Sobrenomes de Crianças Enjeitadas: A História Oculta dos Abandonados na Itália



Sobrenomes de Crianças Enjeitadas: A História Oculta dos Abandonados na Itália

O contexto social do abandono infantil

Ao longo dos séculos XVII, XVIII e XIX, o abandono infantil não era um fenômeno isolado, mas parte dolorosa da estrutura social europeia. A pobreza extrema, a orfandade causada por epidemias, as uniões ilegítimas e a ausência de políticas de amparo empurravam milhares de mães a depositar seus recém-nascidos nas rodas dos expostos, esperando que ali encontrassem ao menos uma chance de sobrevivência. Muitas dessas mulheres não deixavam qualquer indício de identidade, seja por vergonha, seja por medo de punição moral ou religiosa. Assim, ao chegarem às instituições, esses bebês precisavam de algo básico, porém fundamental: um nome que lhes permitisse existir perante o mundo.

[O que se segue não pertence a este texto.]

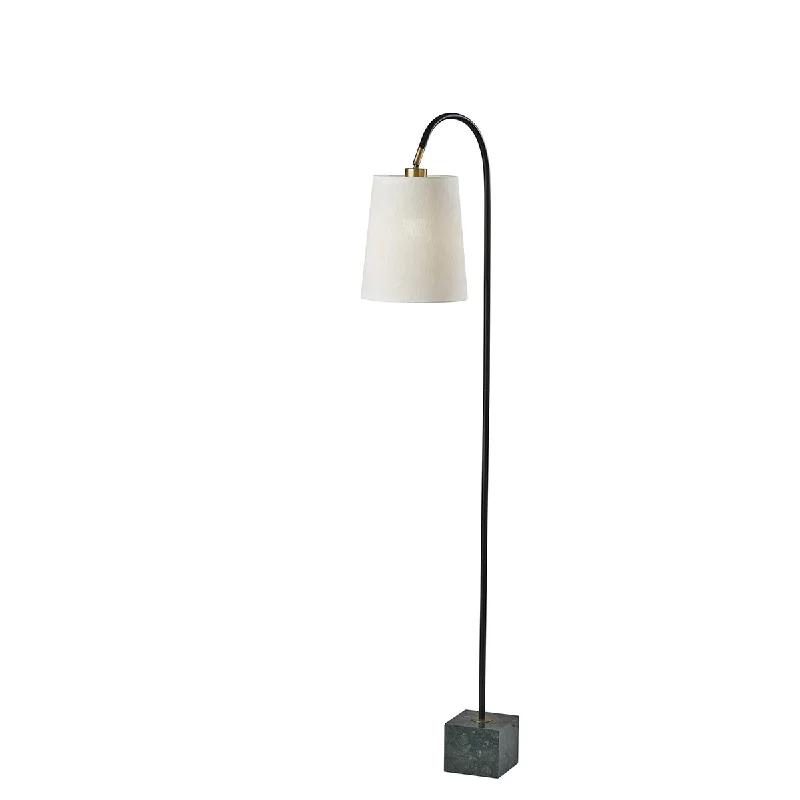 Way Switch Floor Lamp for Multiple Light Intensity LevelsHanover Floor Lamp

Nascia então a prática de atribuir sobrenomes artificiais, criados pelos administradores, religiosos ou escrivães responsáveis.

A lógica por trás dos sobrenomes inventados

Esses sobrenomes inventados não eram aleatórios; carregavam significados que refletiam a condição da criança, a rotina da instituição ou até um simbolismo religioso. Termos como Esposito, Innocenti, Proietti ou Della Casa serviam tanto para registrar quanto para estigmatizar, marcando para sempre a origem dolorosa da criança. Em muitos casos, o sobrenome funcionava como um código interno para indicar em qual roda de expostos o bebê havia sido encontrado ou qual religioso estava de plantão no momento do registro. Outras vezes, eram sobrenomes que expressavam esperança — como Fortunato, Providenza ou Felice — numa tentativa de oferecer um sopro de destino melhor àquele recém-nascido que chegava ao mundo sem amparo familiar.

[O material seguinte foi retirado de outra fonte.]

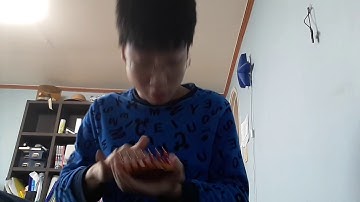 How to draw wrapping paper (Part 3)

A trajetória desses sobrenomes no Brasil

Com a imigração italiana para o Brasil entre os séculos XIX e XX, milhares desses sobrenomes criados artificialmente atravessaram o oceano e se enraizaram definitivamente em terras brasileiras. Nas colônias agrícolas do Sul, em São Paulo e até no Espírito Santo, muitos descendentes carregam até hoje sobrenomes cuja origem está ligada a antigas casas de acolhimento italianas — sem que suas famílias conheçam essa história. Essa migração fez com que sobrenomes antes restritos às instituições europeias se misturassem à sociedade brasileira, perdendo a marca de abandono, mas preservando o valor histórico. Hoje, compreender essa tradição é resgatar uma parte silenciosa da formação de diversas famílias ítalo-brasileiras, dando voz aos que um dia foram registrados como “ninguém” e que, graças a um sobrenome inventado, puderam reescrever seu destino.

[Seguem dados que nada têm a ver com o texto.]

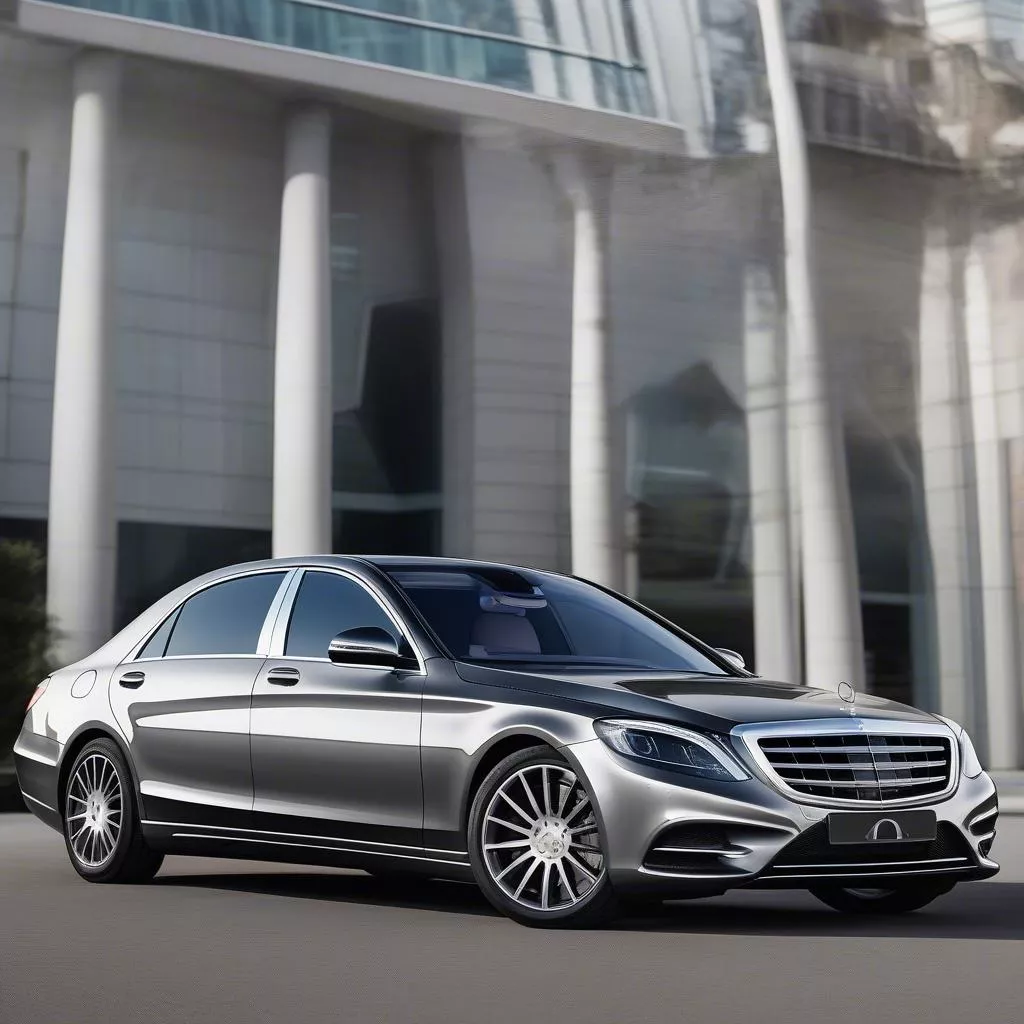 2016 Mercedes-Benz S400 Price: Luxury & Performance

A criação de sobrenomes nas instituições de acolhimento

Durante séculos, milhares de crianças nascidas sem reconhecimento familiar foram registradas com nomes e sobrenomes criados especialmente para elas. Em vez de refletirem a herança de um clã, esses sobrenomes carregavam a memória de um abandono e, ao mesmo tempo, a tentativa de lhes oferecer uma identidade mínima. No mundo latino, a ideia de “encontrar” uma criança — em francês l’enfant trouvé e em italiano i trovatelli — suavizava a dura realidade do abandono, ainda que os registros oficiais costumassem indicar “pais desconhecidos”, “filho natural” ou expressões semelhantes.

A prática era comum em diversos países europeus, especialmente na Itália. Muitas crianças eram deixadas em portas de igrejas, hospitais ou instituições de caridade. Outras eram depositadas nas tradicionais Rodas dos Expostos, mecanismos instalados em orfanatos que permitiam deixar o bebê anonimamente. Quem registrava a criança — administradores, religiosos ou o próprio tabelião — ficava responsável por criar um sobrenome que a distinguisse e, ao mesmo tempo, a identificasse como pertencente àquela condição.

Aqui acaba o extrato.